● **Data section**:

++++++

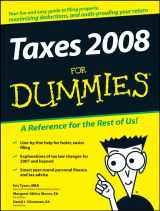 9780470175675-0470175672-Taxes 2008 For Dummies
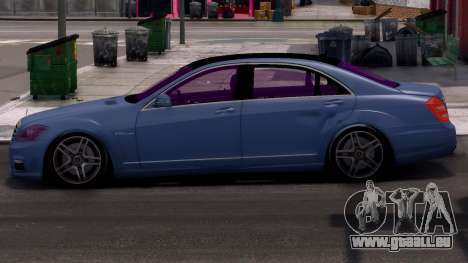 Mercedes-Benz S Class W221 Wh pour GTA 4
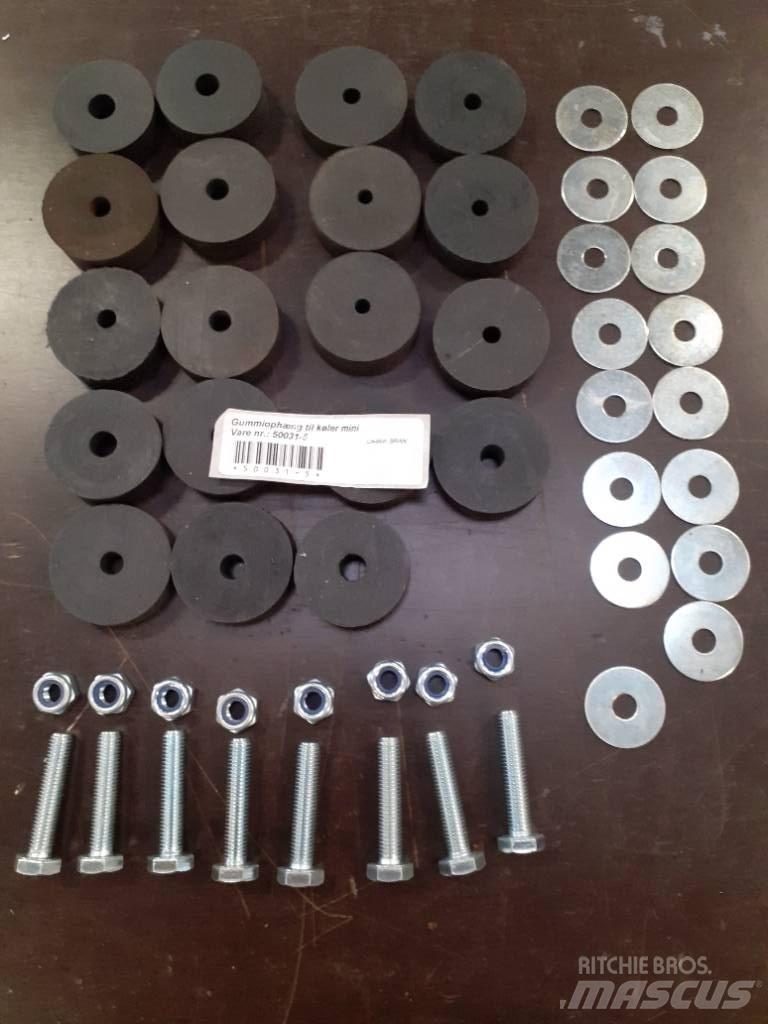 Fuchs F 1100 散热器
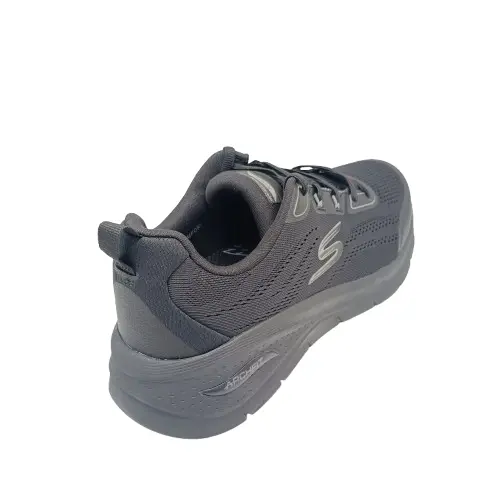 Deportivos Skechers hombre 233401 BBK negro (C4212) - Imagen 4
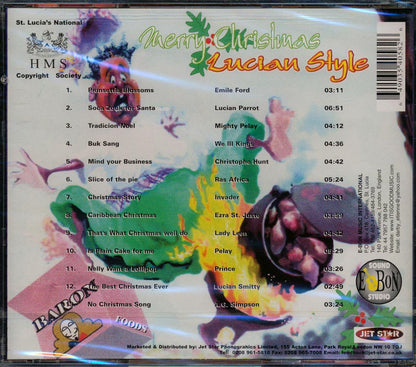 Various - Merry Christmas Lucian Style [New CD]
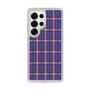 Slim Protection Case［ Tartan Check - Purple ］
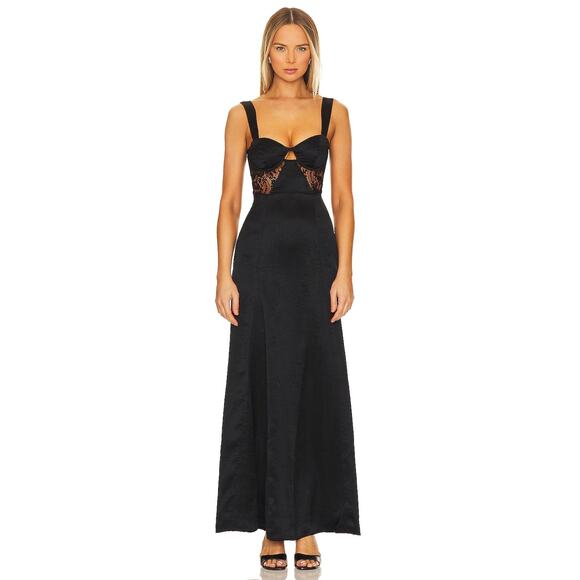 MAJORELLE Dresses & Skirts - Majorelle Mariella Gown Black Size XS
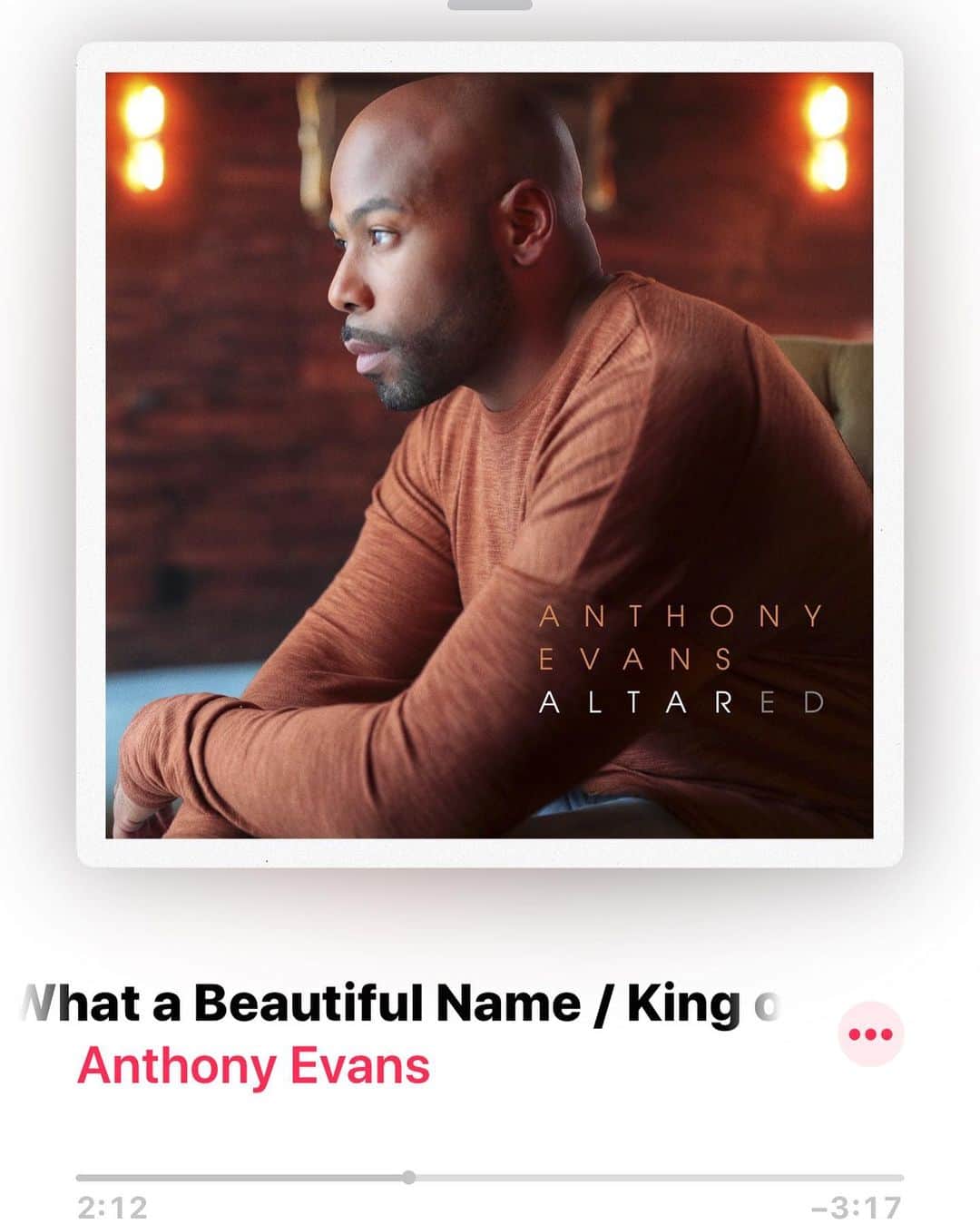 エリカ・キャンベルさんのインスタグラム写真 - (エリカ・キャンベルInstagram)「Love your version of this song @anthonyevansjr #whatabeautifulname great album your voice is soooo clean man!」11月20日 8時28分 - imericacampbell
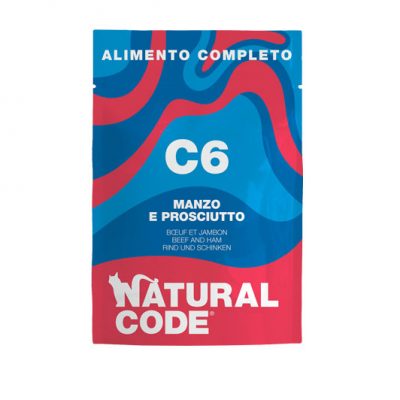 natural code c6 umido completo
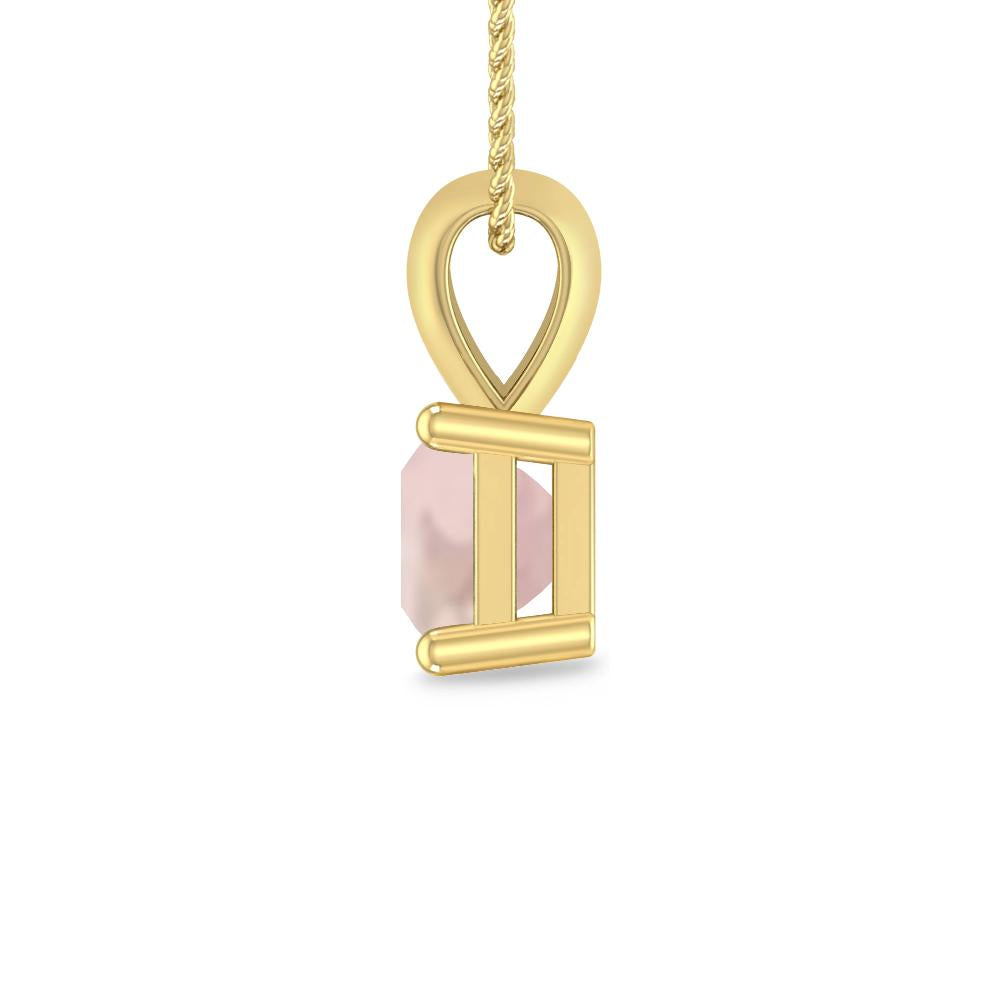 Yellow Gold - Morganite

++++++

● **What you need to do**: Without copying any picture, write out the entries exactly.

● **Reply to the task**:
 9780470175675-0470175672-Taxes 2008 For Dummies
 Mercedes-Benz S Class W221 Wh pour GTA 4
 Fuchs F 1100 散热器
 Deportivos Skechers hombre 233401 BBK negro (C4212) - Imagen 4
 Various - Merry Christmas Lucian Style [New CD]
 Slim Protection Case［ Tartan Check - Purple ］
 MAJORELLE Dresses & Skirts - Majorelle Mariella Gown Black Size XS
 エリカ・キャンベルさんのインスタグラム写真 - (エリカ・キャンベルInstagram)「Love your version of this song @anthonyevansjr #whatabeautifulname great album your voice is soooo clean man!」11月20日 8時28分 - imericacampbell
 natural code c6 umido completo
 Yellow Gold - Morganite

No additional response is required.